Centre for Computational Statistics and Machine Learning (CSML) Masterclass

This Masterclass series took place at the Gatsby Computational Neuroscience Unit at University College London. See this link for other tutorials. The schedule of lectures is as follows.

Part I: Monday, 2018 June 4, 12:00--1 PM (+ 30 minutes Q&A)
Part II: Tuesday, 2018 June 5, 12:00--1 PM (+ 30 minutes Q&A)
Part III: Wednesday, 2018 June 6, 12:00--1 PM (+ 30 minutes Q&A)

Instructor:
Professor Tamara Broderick
Email:

Description and Materials

Part I: Variational Bayes: Foundations

[Slides for Part I]
Abstract: Bayesian methods exhibit a number of desirable properties for modern data analysis---including (1) coherent quantification of uncertainty, (2) a modular modeling framework able to capture complex phenomena, (3) the ability to incorporate prior information from an expert source, and (4) interpretability. In practice, though, Bayesian inference necessitates approximation of a high-dimensional integral, and some traditional algorithms for this purpose can be slow---notably at data scales of current interest. The tutorial will cover modern tools for fast, approximate Bayesian inference at scale. One increasingly popular framework is provided by "variational Bayes" (VB), which formulates Bayesian inference as an optimization problem. We will examine key benefits and pitfalls of using VB in practice, with a focus on the widespread "mean-field variational Bayes" (MFVB) subtype. We will highlight properties that anyone working with VB, from the data analyst to the theoretician, should be aware of.

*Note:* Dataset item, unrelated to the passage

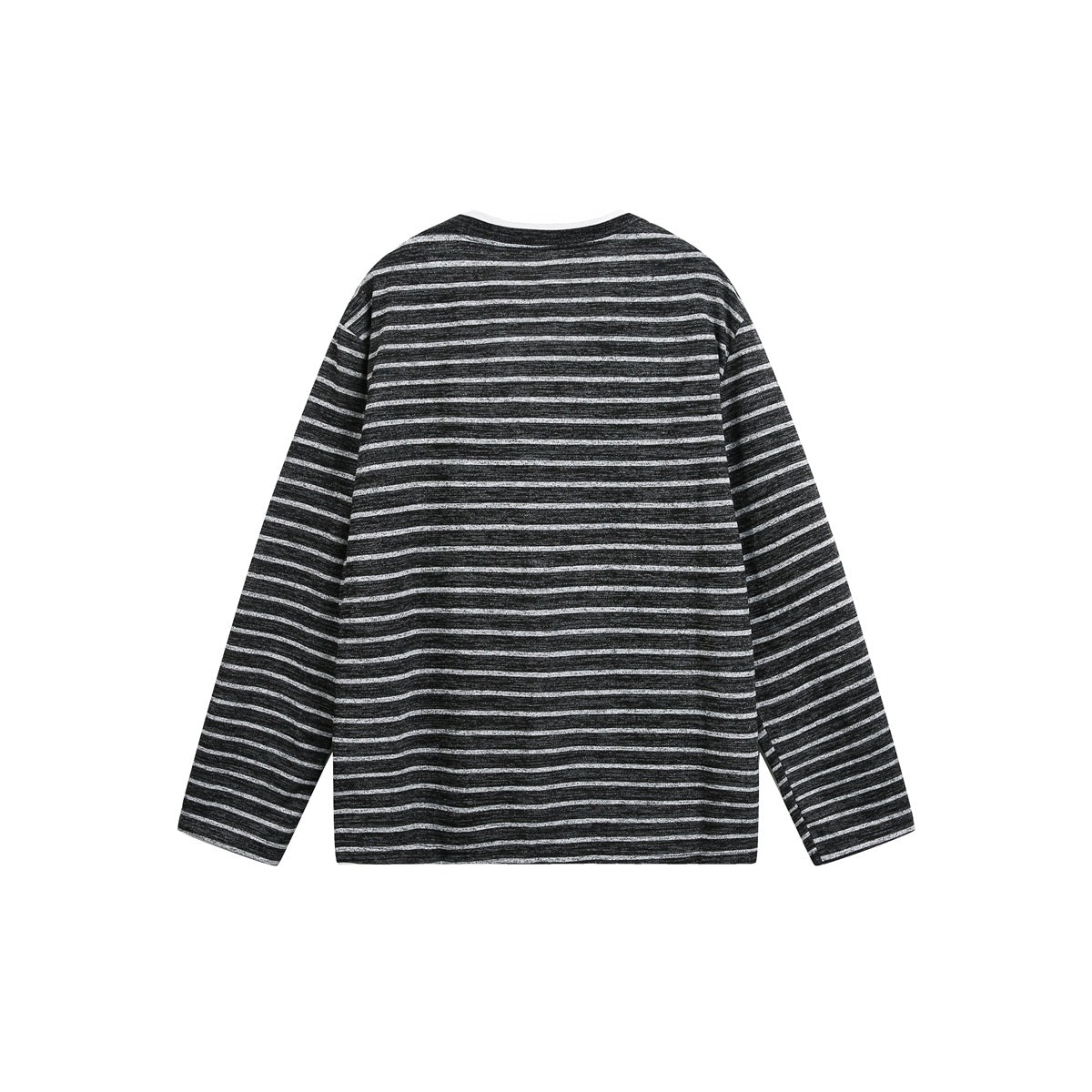 Back view of a charcoal long-sleeve top with narrow horizontal gray stripes.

Part II: Covariances, robustness, and variational Bayes

[Slides for Part II]
Abstract: In Bayesian analysis, the posterior follows from the data and a choice of a prior and a likelihood. These choices may be somewhat subjective and reasonably vary over some range. Thus, we wish to measure the sensitivity of posterior estimates to variation in these choices. While the field of robust Bayes has been formed to address this problem, its tools are not commonly used in practice. We demonstrate that variational Bayes (VB) techniques are readily amenable to fast robustness analysis. Since VB casts posterior inference as an optimization problem, its methodology is built on the ability to calculate derivatives of posterior quantities with respect to model parameters. We use this insight to develop local prior robustness measures for mean-field variational Bayes (MFVB), a particularly popular form of VB due to its fast runtime on large data sets. A potential problem with MFVB is that it has a well-known major failing: it can severely underestimate uncertainty and provides no information about covariance. We generalize linear response methods from statistical physics to deliver accurate uncertainty estimates for MFVB---both for individual variables and coherently across variables. We call our method linear response variational Bayes (LRVB).

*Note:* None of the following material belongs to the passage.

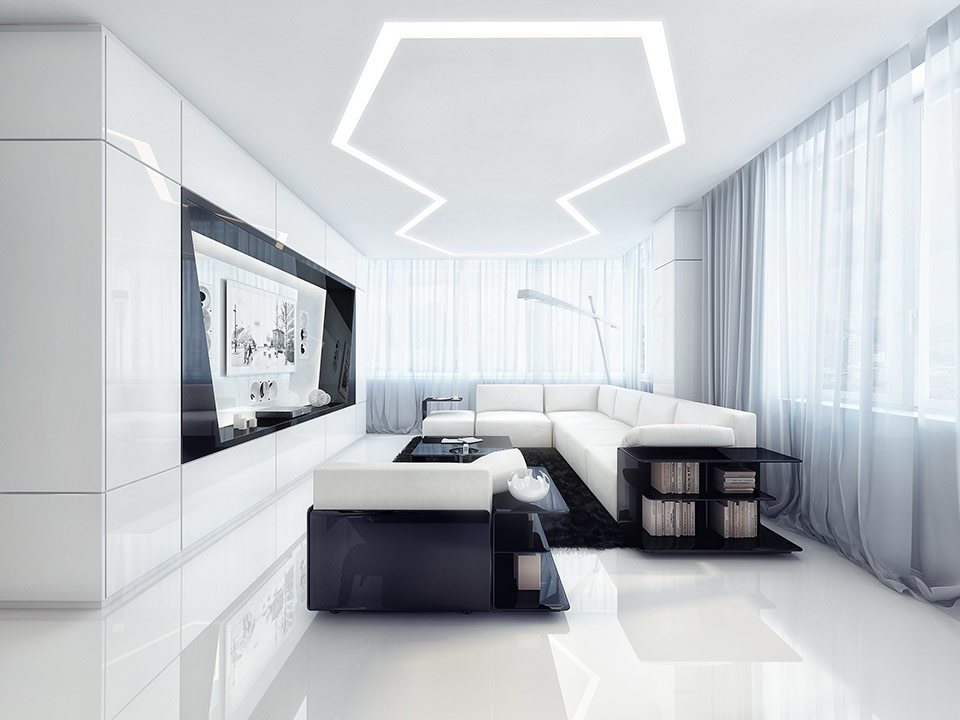 Awesome White and Black Entertainment Room Design Ideas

Part III: Automated Scalable Bayesian Inference via Data Summarization

[Slides for Part III]
Abstract: The use of Bayesian methods in large-scale data settings is attractive because of the rich hierarchical relationships, uncertainty quantification, and prior specification these methods provide. Many standard Bayesian inference algorithms are often computationally expensive, however, so their direct application to large datasets can be difficult or infeasible. Other standard algorithms sacrifice accuracy in the pursuit of scalability. We take a new approach. Namely, we leverage the insight that data often exhibit approximate redundancies to instead obtain a weighted subset of the data (called a "coreset") that is much smaller than the original dataset. We can then use this small coreset in existing Bayesian inference algorithms without modification. We provide theoretical guarantees on the size and approximation quality of the coreset. In particular, we show that our method provides geometric decay in posterior approximation error as a function of coreset size. We validate on both synthetic and real datasets, demonstrating that our method reduces posterior approximation error by orders of magnitude relative to uniform random subsampling.

Prerequisites

Basic familiarity with Bayesian data analysis and its goals. Be familiar with the following concepts: priors, likelihoods, posteriors, Bayes Theorem, and conjugacy (for discrete and continuous distributions).